== Supplied data ==
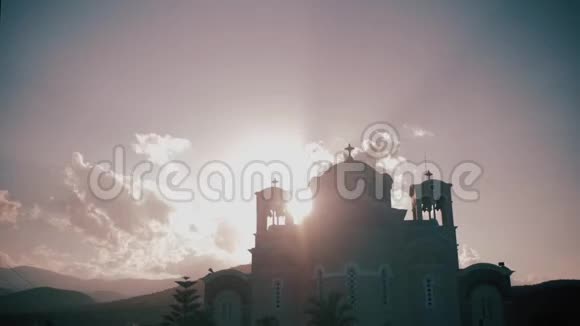 克里特岛上的教堂教堂的剪影云在漂浮日落希腊克里特岛奥洛斯视频的预览图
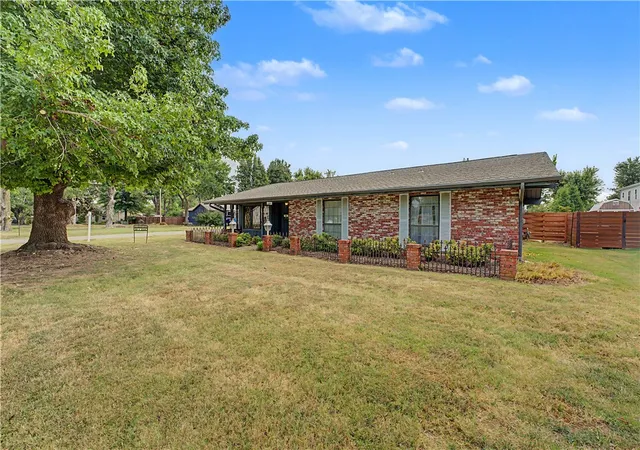 1st image of 608 B St, Bentonville, AR 72712 | MLS# 1345702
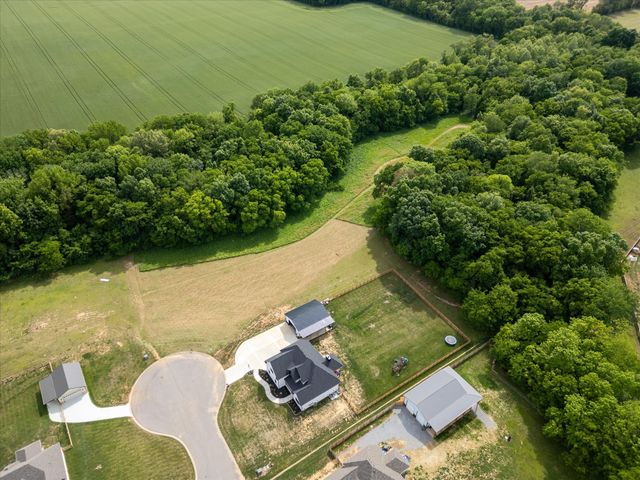 4492 Crossroads Dr, Clarksville, TN 37040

== Action item ==
All lines from the line with "1st image of" through the final line of the data, both included, are to be repeated exactly; no other lines and no pictures.

== Result of this task ==
 1st image of 608 B St, Bentonville, AR 72712 | MLS# 1345702
 4492 Crossroads Dr, Clarksville, TN 37040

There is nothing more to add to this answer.